Abstract

Background. People who previously had COVID-19 infection have an increased risk of developing cardiovascular diseases. Left ventricular diastolic dysfunction is an early marker of the development of cardiac pathology. Its early detection is important for the adequate therapy order and dynamic monitoring of patients. In this regard, it seems relevant to study the effect of a recent COVID-19 infection on the left ventricular diastolic function and transmitral blood flow parameters in apparently healthy individuals without clinical and instrumental signs of cardiovascular pathology. The aim of the study. To assess the changes in the diastolic and systolic function of the left ventricle, its anatomical parameters and transmitral blood flow parameters in two groups of apparently healthy individuals: those who had and those who had not COVID-19 infection. Materials and methods. Transthoracic echocardiography was performed according to the standard technique and its results were analyzed in 66 examined patients who were recognized as apparently healthy according to the results of regular comprehensive clinical and instrumental studies.

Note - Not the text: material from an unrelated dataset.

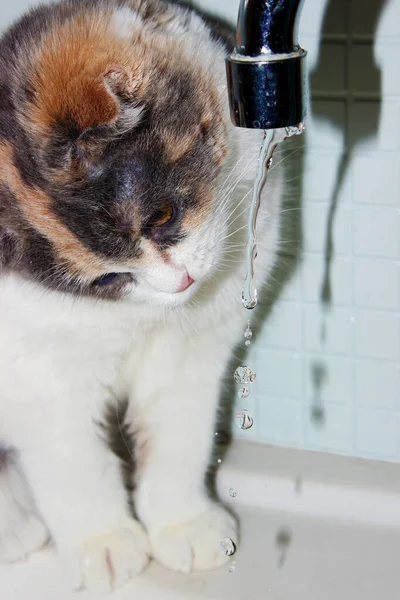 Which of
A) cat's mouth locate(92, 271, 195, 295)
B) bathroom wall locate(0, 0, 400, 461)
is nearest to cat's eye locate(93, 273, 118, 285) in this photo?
cat's mouth locate(92, 271, 195, 295)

The first group included 30 individuals who underwent an echocardiographic study before or during the COVID-19 pandemic, but did not have a coronavirus infection; the second group consisted of 36 people who recovered from COVID-19. The indicators of the presence of left ventricular diastolic dysfunction and the transmitral blood flow parameters were assessed. The study was approved at a meeting of the Medical Ethics Committee under the Ministry of Health of the Republic of Karelia and of Petrozavodsk State University (Minutes No. 47 of 01.11.2023). Results. The frequency of the left ventricular diastolic dysfunction did not differ in the first and second groups of patients. Statistically significant differences were recorded in the average flow deceleration time for both early and late filling of the left ventricle in people who had and did not have COVID-19 infection. A change in the phase structure of the transmitral blood flow may be an early manifestation of intracardiac hemodynamic disorders in people who have recovered from COVID-19.